«Je ne souhaite même pas à mon pire ennemi ce qu’a vécu Brahim»: Les dernières révélations d’Eduardo Domínguez, préparateur physique du Maroc, sur la finale de la CAN

Morocco's forward #10 Brahim Diaz and Senegal's defender #19 Moussa Niakhate react during the Africa Cup of Nations (CAN) final football match between Senegal and Morocco at the Prince Moulay Abdellah Stadium in Rabat on January 18, 2026. (Photo by SEBASTIEN BOZON / AFP). AFP or licensors

Dans une interview accordée à El Larguero, le préparateur physique des Lions de l’Atlas revient sur l’état de Brahim Diaz après la finale si particulière de la CAN 2025.

Le 22/02/2026 à 21h01

Déjà un mois après la finale de la Coupe d’Afrique des Nations 2025. Forcément, les langues commencent à se délier.
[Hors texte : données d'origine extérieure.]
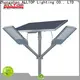 ALLTOP all in two solar street light with good price1 1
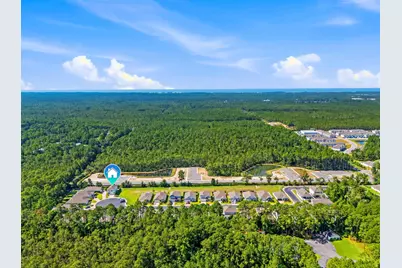 260 Southern Pines Road, Santa Rosa Beach, FL 32459 - Photo 47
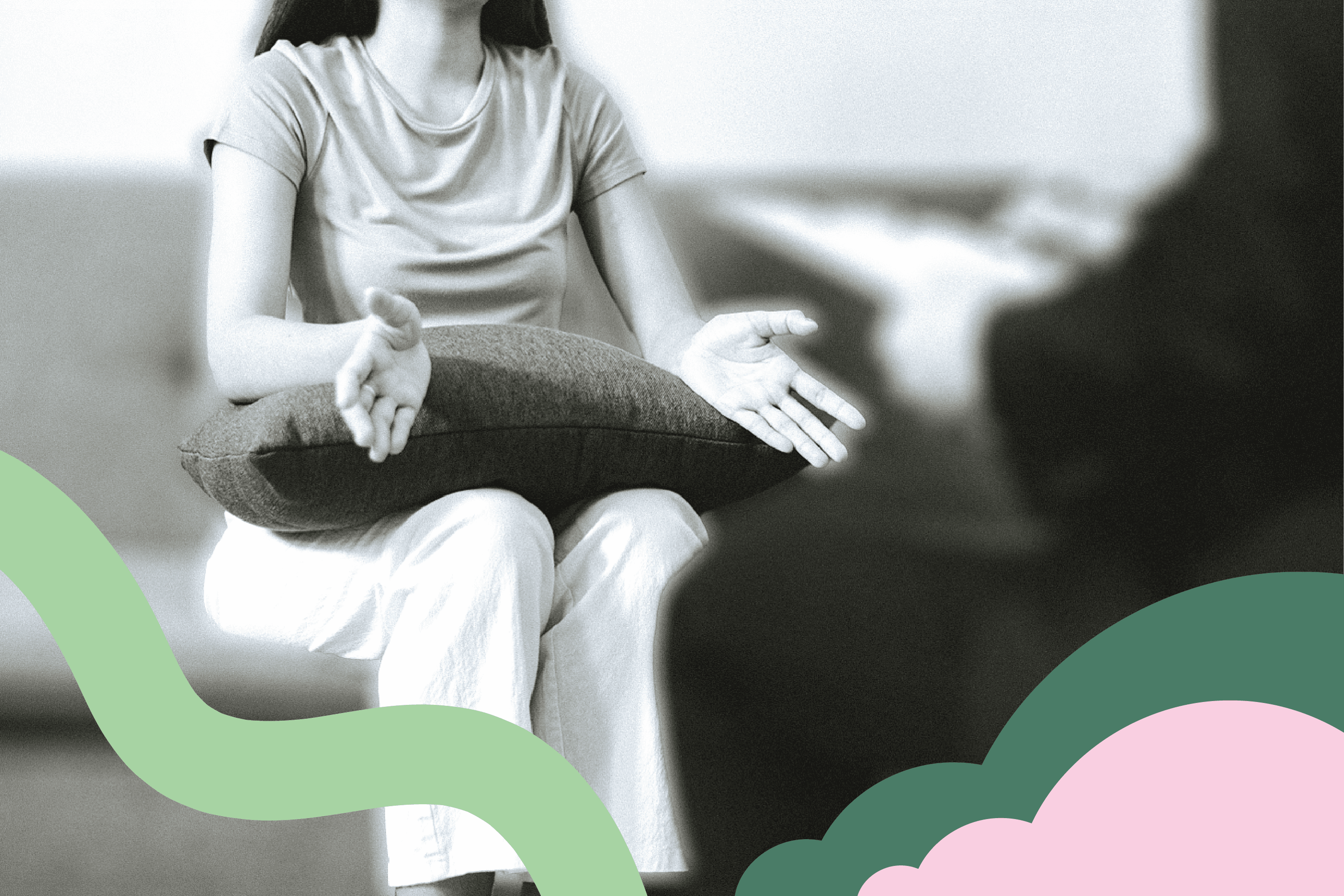 Your Guide to Counseling: Expert Tips on Finding Quality, Affordable Support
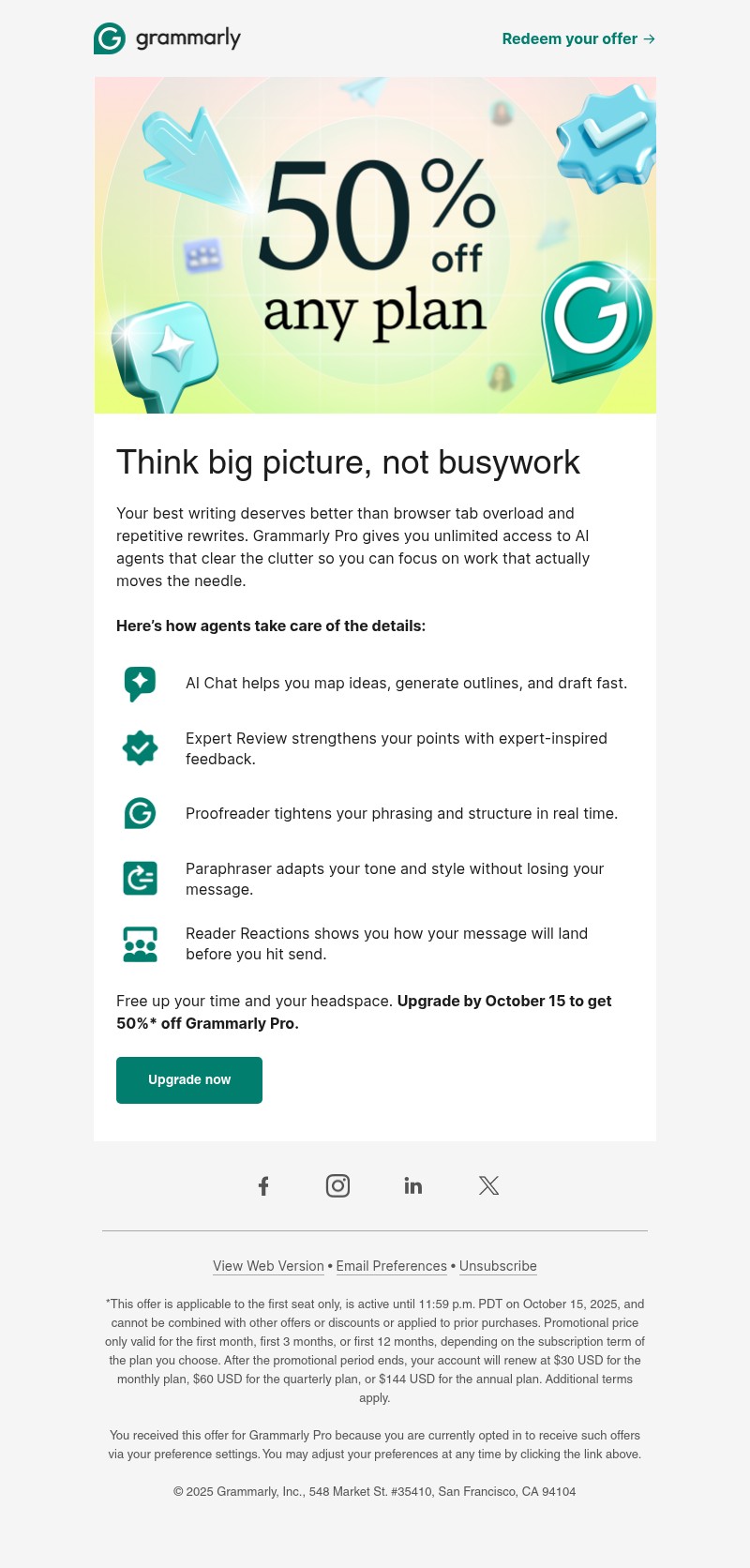 Screenshot of email with subject /media/emails/eb8f5f28-44df-4c9c-86c0-5a8102369200.jpg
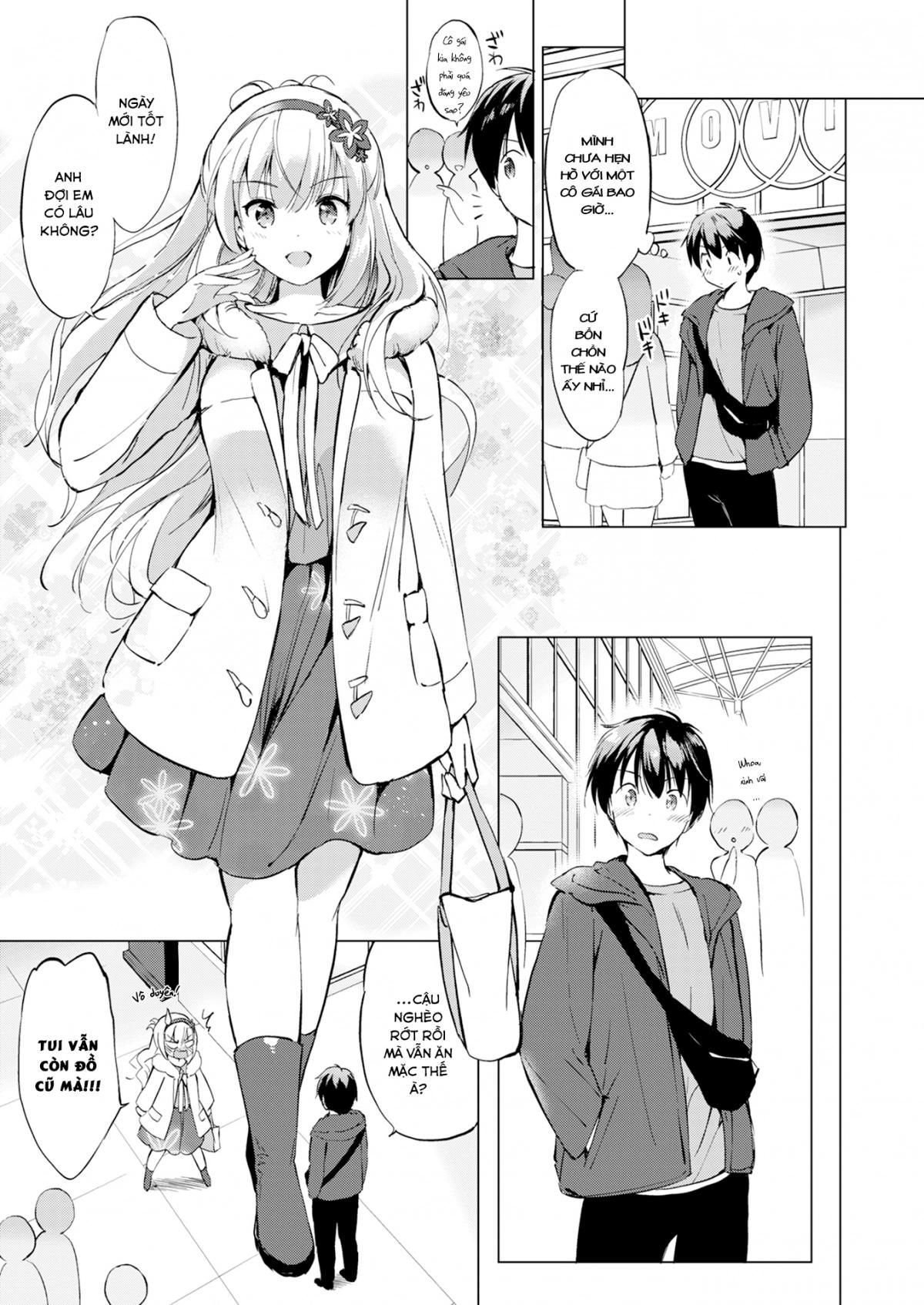 girl039s-colorful-perfume-chap-2-5 integer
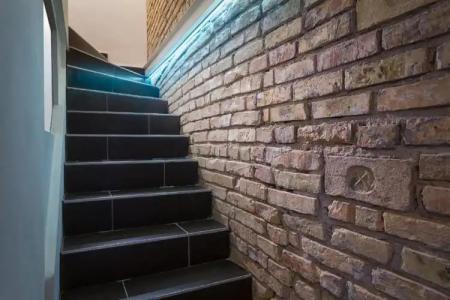 Suites 13 Budapest - 78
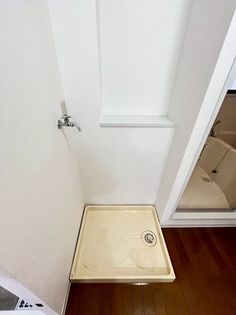 サンシャイン小林の画像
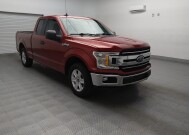 2019 Ford F150 in Live Oak, TX 78233 - 18146030 13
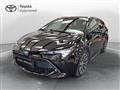 TOYOTA COROLLA TOURING SPORTS Corolla Touring Sports 2.0 Hybrid Business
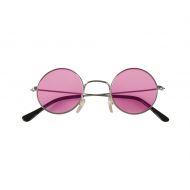 Okulary lenonki okulary różowe okrągłe - imagehandler_(5).jpg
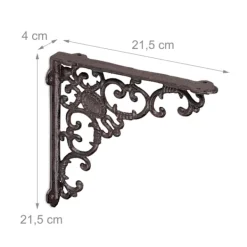 Northio Hyllor><noscript><img width=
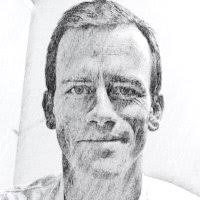 Paul Cable (@PaulSCable)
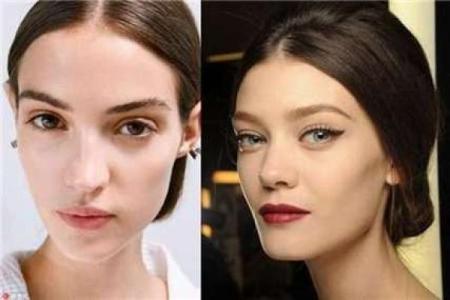 炉中火命女人与适合的命男人探秘:你的爱情密码是什么?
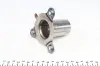 602000500 Комплект зчеплення Renault Megane/Scenic 1.5dCi 08- (АКПП), DC4.000/DC4.001 LUK підбір по vin на Brocar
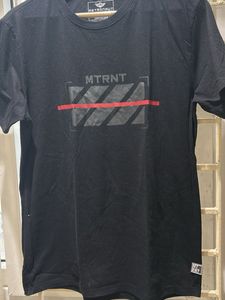 Astronaut Graphic Tee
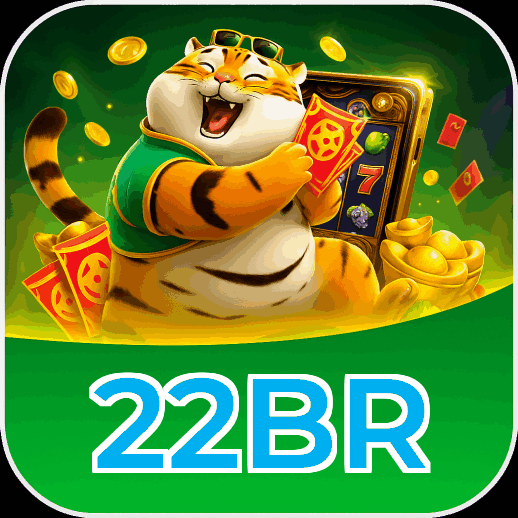 Fortune Tiger Slot - RTP 96.8%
En coulisses, certains acteurs brisent le silence, comme Eduardo Domínguez, préparateur physique du Maroc, qui est revenu pour El Larguero, sur l’état de Brahim Diaz après la finale, marquée notamment par le penalty raté par le joueur.

«Je n’aurais aimé ni être dans le corps, ni dans la tête de Brahim à ce moment-là, commence d’abord Domínguez, il était en état de choc. Pour lui, c’était un moment… très difficile.»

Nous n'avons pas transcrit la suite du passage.